Rollers with precise printing performance in the paper industry or offshore equipment in aggressive saltwater – coatings protect these components even under harsh conditions. In particular, thermal coating processes such as atmospheric plasma spraying (APS) or high velocity oxygen fuel coating (HVOF) have been used so far. On the basis of ceramic or metal powders insulation, corrosion and wear protection layers between 100 and 500 μm can be applied to machine and plant components. Although the powder particles used are as fine as flour and the layer thinner than a chip card, such a surface has a high roughness under the microscope.

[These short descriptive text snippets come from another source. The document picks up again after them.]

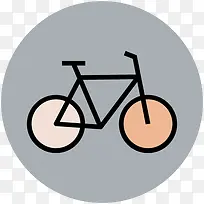 卡通运动素材运动剪影 自行车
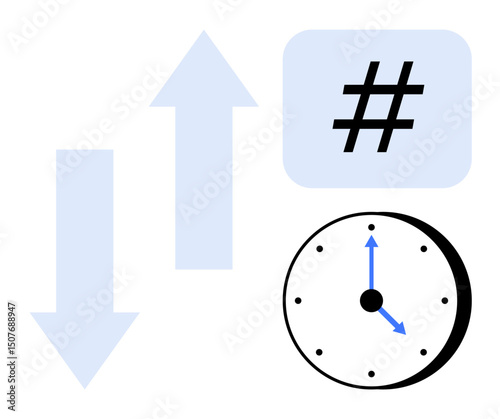 Up and down arrows, metadata tag, and clock conveying concepts of tracking trends, time efficiency, growth, and comparison. Ideal for analytics, social media, productivity growth strategies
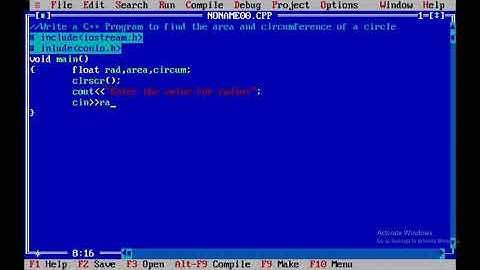 Program to find the area and circumference of a circle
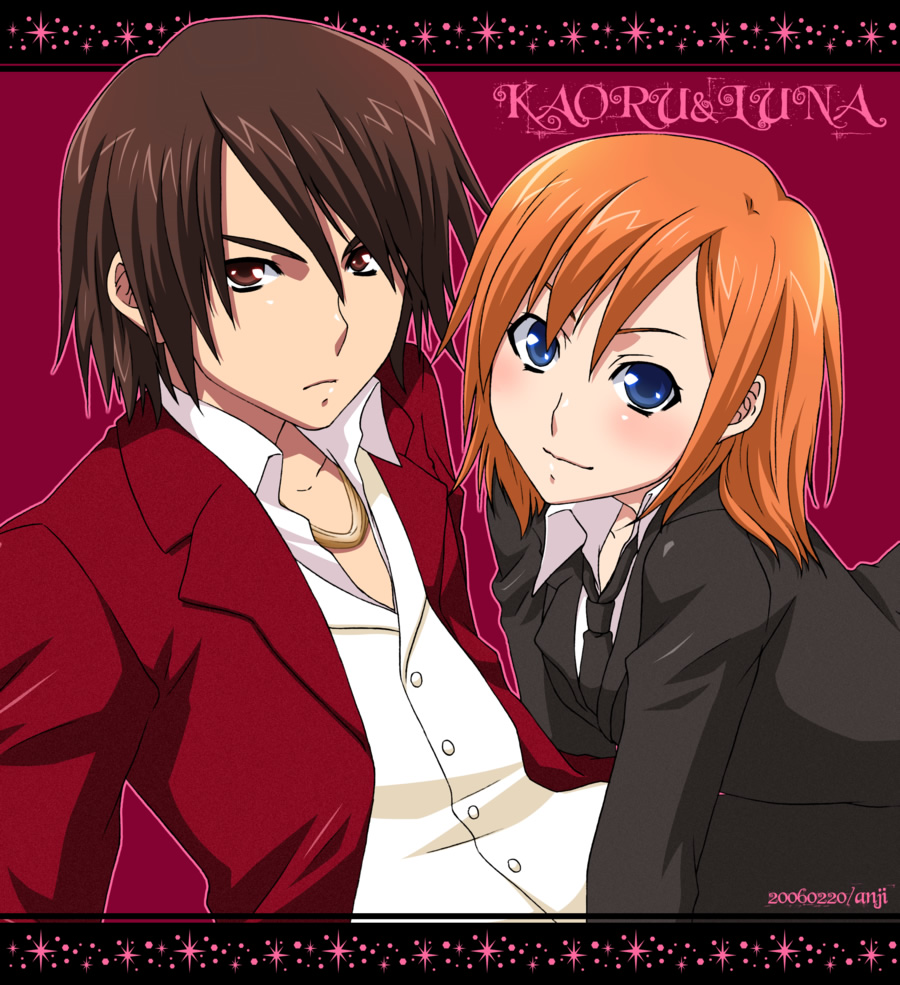 kuroo (project apricot), kaoru (mujin wakusei survive), luna (mujin wakusei survive), mujin wakusei survive, 00s, 1boy, 1girl, blue eyes, formal clothes, jewelry, necklace, necktie, orange hair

In order to achieve the aimed surface quality, the sprayed components therefore have often to be treated or sealed mechanically. Other coating technologies, such as chemical or physical vapor deposition (CVD, PVD) allow ultra-thin films below 10 μm. However, these methods can not be used to coat large surfaces. Rather, only small tool inserts benefit from a CVD or PVD coating.
Surfaces with thermally sprayed suspension layers between 10 und 50 μm
Researchers from the Fraunhofer Institute for Ceramic Technologies and Systems IKTS have now created the preconditions for producing extremely smooth, robust layers on large-size components – without time-consuming and cost-intensive post-processing steps. Besides the powders used so far, they developed suspensions for thermal spraying, and thus achieve new coating qualities and properties. For this purpose, even finer submicron and nanoparticles, which can not be sprayed as pure powder, are dispersed in water or organic solvents. “Thermal suspension spraying produces extremely robust, thin films between 10 and 50 μm. Thanks to homogeneous suspensions, we reduce both previous roughnesses of more than 5 to 1 μm and the materials consumption,“ explains Dr. Annegret Potthoff, head of the group Powder and Suspension Characterization at Fraunhofer IKTS. For the first time even functional surfaces are possible, too. They can, for example, be provided with photocatalytically active layers, which permanently degrade drug residues in waste water treatment plants.
From the feedstock to the optimized component
In the lab accredited according to DIN EN ISO / EC 17025 at Fraunhofer IKTS, the suspensions are individually adapted for each application concerning solid content, grain size distribution and viscosity. “In successful cooperation with the Fraunhofer Institute for Material and Beam Technology IWS, we were able to adapt the entire process chain and existing plant technology to suspensions. The hardware components developed at IWS, such as suspension conveyors and injectors, can be easily integrated into existing spraying systems,“ says Dr. Potthoff. In addition to the different ceramic materials such as chromium, alumina or zirconium oxide, tungsten carbide can also be thermally sprayed for the first time. In addition, the technique allows graded layer systems to combine, for example, thermal and mechanical properties.